Hollywood has responded by offering China-only versions of its films, including Mission: Impossible III (2006), which removed a scene showing an underwear-strewn clothes line in Shanghai and the killing of a Chinese henchman.
But Beijing’s growing sensitivity to its global image is prompting film producers to work more closely from inception with China-based consultants and people close to the Chinese censors.
Abominable , a 2019 joint US-China animated release, spurred controversy with a scene showing a map of the nine-dash line, the disputed area Beijing claims in the South China Sea.
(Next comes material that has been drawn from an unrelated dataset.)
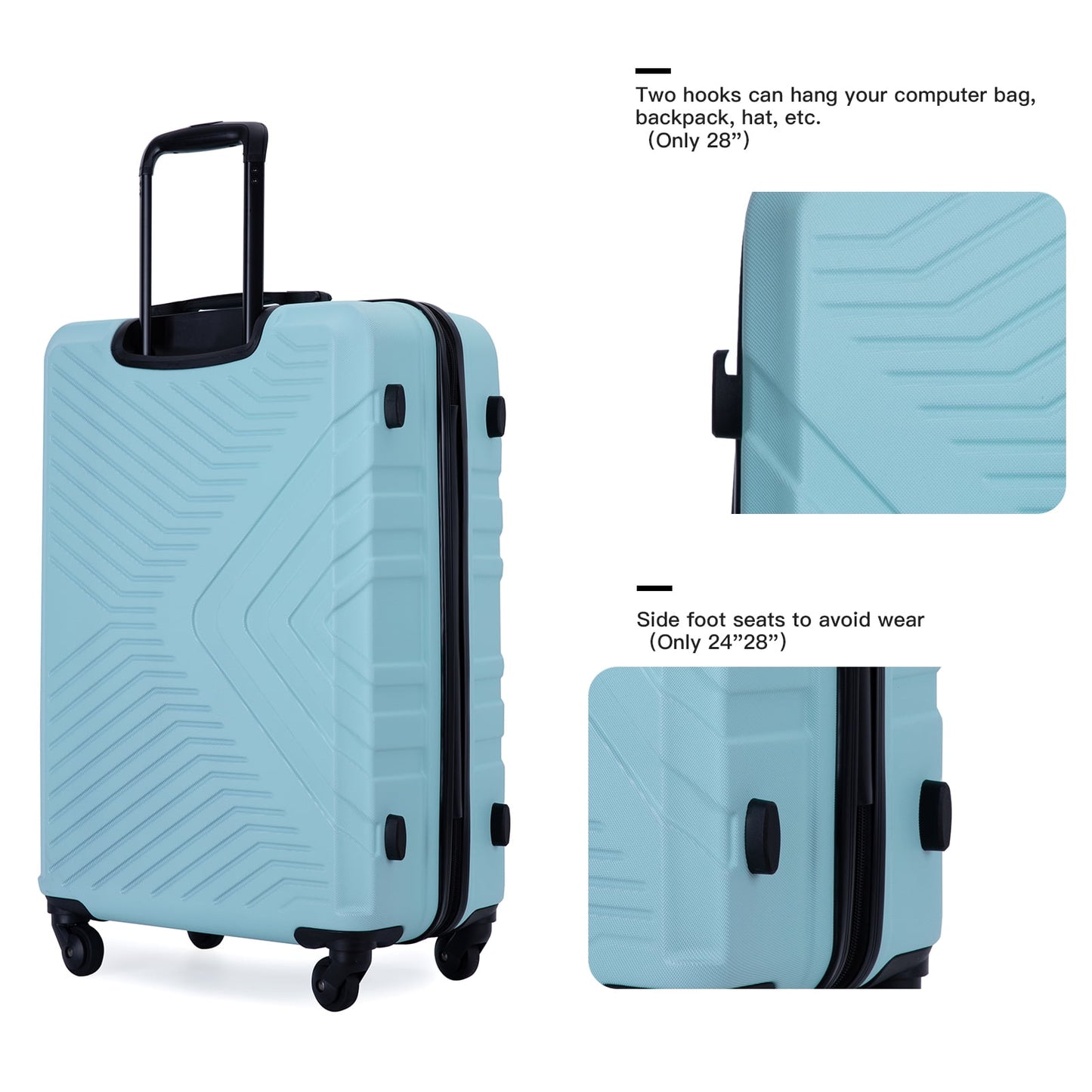 KIVDIT 3 Piece Luggage Sets with Spinner Wheels and TSA Lock, Luggage for Travel Business, Blue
Malaysia, one of the other claimants to the territory, called unsuccessfully for the scene to be omitted then banned it in its local market.
Sony earlier altered Red Dawn , the 2012 remake of a 1980s film in which Russians and Cubans invade the US. The remake had American fighters resisting a Chinese invasion – but was changed after filming, with the Chinese turned into North Koreans and Chinese flags digitally removed.
Hollywood has never been a bastion of principle: money traditionally talks and scripts have long been altered for any number of reasons.
The PEN report adds that the US government has worked with Hollywood to infuse its own patriotic messaging, and that many democracies censor their film industries to some degree.
Moreover, pushback by Beijing and Asian-American groups against derogatory stereotypes has been a positive development as films play an important role in bringing people together, the PEN report noted.
“This is not about the US versus China,” Tager said. “This is about assuring that filmmakers have the opportunity to tell important stories regardless of which centers of power they may offend.”
But China with its massive size and economic clout can block important global stories on an unprecedented scale, PEN argued, as the group called for greater disclosure about China’s influence in Hollywood, the back room decisions and the social trade-offs that are made.
With China’s already existing influence, PEN asked, could a mainstream feature about detention camps in Xinjiang be made today?
Rosen, of USC, found PEN’s recommendations a bit unrealistic, given Hollywood’s economic realities and the industry’s history of ducking for cover whenever controversies arise related to China.
Rosen also said that Fenton’s book seemed keen to avoid appearing too critical of anyone.
Still, the two accounts definitely shine a spotlight on the US-China relationship and film’s role in their competition for soft power, he added.
“The US built its soft power based on ‘universal values’ that come from culture, political systems and foreign policy, which has clearly been declining precipitously under Trump,” Rosen said. “But soft power is not a zero-sum game, and Beijing is not garnering a lot of soft power as America loses some of what it has.”
However, he concluded, “Neither leadership in the two countries is nuanced enough to pursue a successful soft-power strategy” – even as Hollywood does its best to navigate between them both.